The Riverside Penthouse (2014) staircase aimed to capture this idea of playfulness. We designed a helical, ribbon-like structure – unfurling down from a hanging pod and floating in a double-height space. The curved form of the room and accompanying staircase was initially developed from the geometry of the existing building, designed by Foster + Partners. Further design was informed by the block’s proximity to the Riv er Thames: the leather treads on the steps, upholstery to the pod, polished timber and brass detailing were all inspired by Carlo Riva‘s classic 1950s motor boat designs. Working closely with Webb Yates Engineers and bespoke makers Tin Tab, the monocoque-structure ended up having more in common with boat design than initially intended. the whole assembly – with just a laser-cut, veneered steel helical column supporting the staircase – was suspended on 12 brass tension rods from the roof of the apartment. The separate fittings were designed to fit in a single domestic lift to assist its installation.
Making and technology
We collaborate with artists and engineers from a range of industries and disciplines. Getting the team right, ensuring correct expertise and a cross-section of ideas is important. We typically set a brief for others, who work closely with us to develop innovative solutions drawing on a range of knowledge and experience.

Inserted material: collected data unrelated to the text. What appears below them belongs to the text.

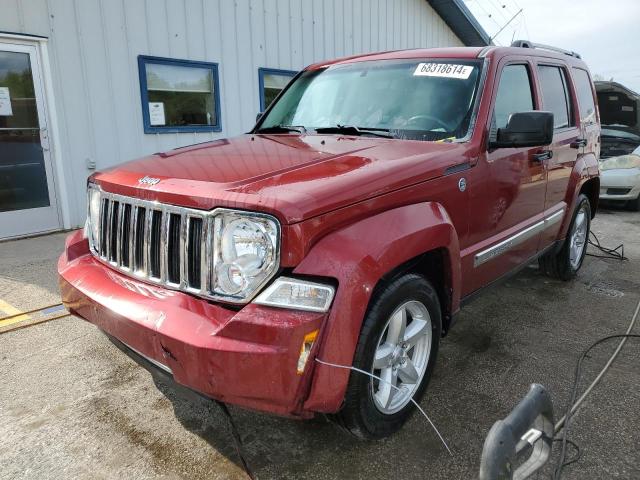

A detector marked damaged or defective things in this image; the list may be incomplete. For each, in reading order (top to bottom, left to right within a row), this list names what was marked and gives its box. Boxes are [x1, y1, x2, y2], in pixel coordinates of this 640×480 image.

damaged front bumper [58, 229, 328, 416]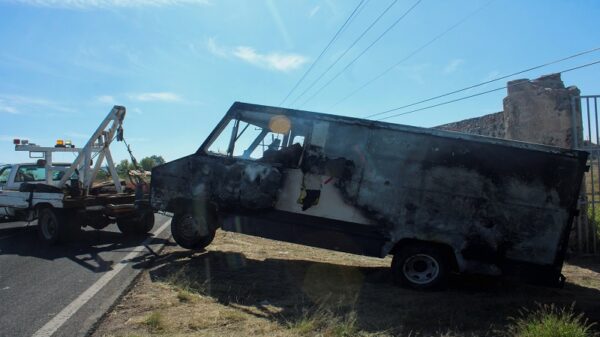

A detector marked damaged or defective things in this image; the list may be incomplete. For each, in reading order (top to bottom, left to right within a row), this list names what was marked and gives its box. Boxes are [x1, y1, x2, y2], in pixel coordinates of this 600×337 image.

burned van [150, 101, 584, 288]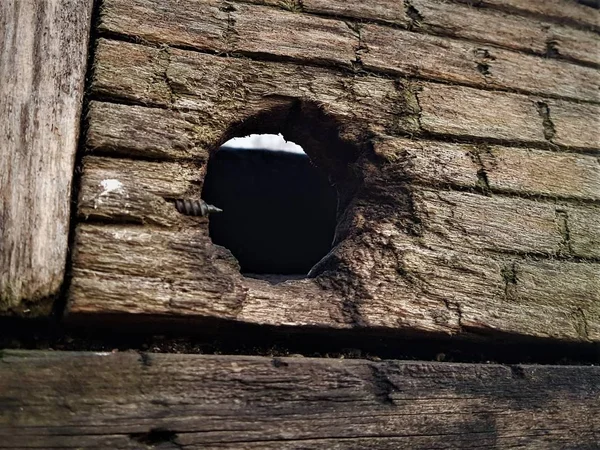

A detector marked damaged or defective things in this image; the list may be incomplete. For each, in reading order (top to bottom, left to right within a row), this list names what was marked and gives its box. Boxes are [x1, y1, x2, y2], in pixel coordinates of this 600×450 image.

rusty screw [176, 199, 223, 216]
splintered wood edge [0, 352, 596, 450]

It’s a creative partnership and the key to its success is experimentation, testing ideas and detailing, exploring alternative materials and selecting quality finishes. However, technology doesn’t and shouldn’t usurp craft. To us, technology is a friendly tool that allows for more efficient collaboration and faster communication.
For our A&J House (2009), a refurbishment of a large Victorian detached house in London, the balustrade was again designed in collaboration with our previous mentor, Jim Horrobin. Horrobin laser and plasma cutting techniques with traditional forging to create an organic artwork inspired by the building’s original exterior detailing.
To complement the balustrade, a bespoke tilted uplight was developed with Mike Stoane Lighting, which is now generally available within their range. The uplights were recessed into the stair treads and landings, casting shadows through the metalwork across the stairwell space.
Materiality verses technology
Because a staircase encourages interaction, its tactility and acoustics become important details. Considering how the treads feel proportionally and under foot, how the staircase is lit, the structure and its overall character within the space are all important features and open up additional opportunities for craftmanship.
At our Retreat for Sartfell, a mountainside house on the Isle of Man which was completed last year, we aimed to bind the building’s programme together with a triple-height staircase. Part of a growing umber of commissions exploring the relationship between landscape and self-sustaining architecture, the project sits in a restored landscape and will be joined by a visitor’s centre and artist’s studio in the coming years. The house is essentially an extension to a Victorian cottage – known locally as ‘Cloud 9’ on account of its white render – and provides a private library, among many other things.
The staircase and library places at the centre of the scheme, were topped with a clearstory, framing a study and capturing shards of shifting light to animate the stark concrete interior. The stairs orientation aligns with views to Sartfell mountain, as well as overlooking the valley below. The floors pf the staircase and landings are made from off-the-shelf perforated steel sheets, specified to be dog-friendly to save the feet of the client’s pets. They were a collaborative effort between structural engineers Conisbee and Somerset-based master boat builder John Hesp.
The frequency of holes in the steel set out the width of the structure and was coordinated with the height of the risers to create the illusion that the piece was bent from a continuous surface. Hesp tested the balancing of the staircase’s weight in an effort to achieve both the right strength and aesthetics.
The hole assembly was modularly fabricated offsite by West Country Blacksmiths, who assisted in completing the final detailing through the construction of full-scale samples.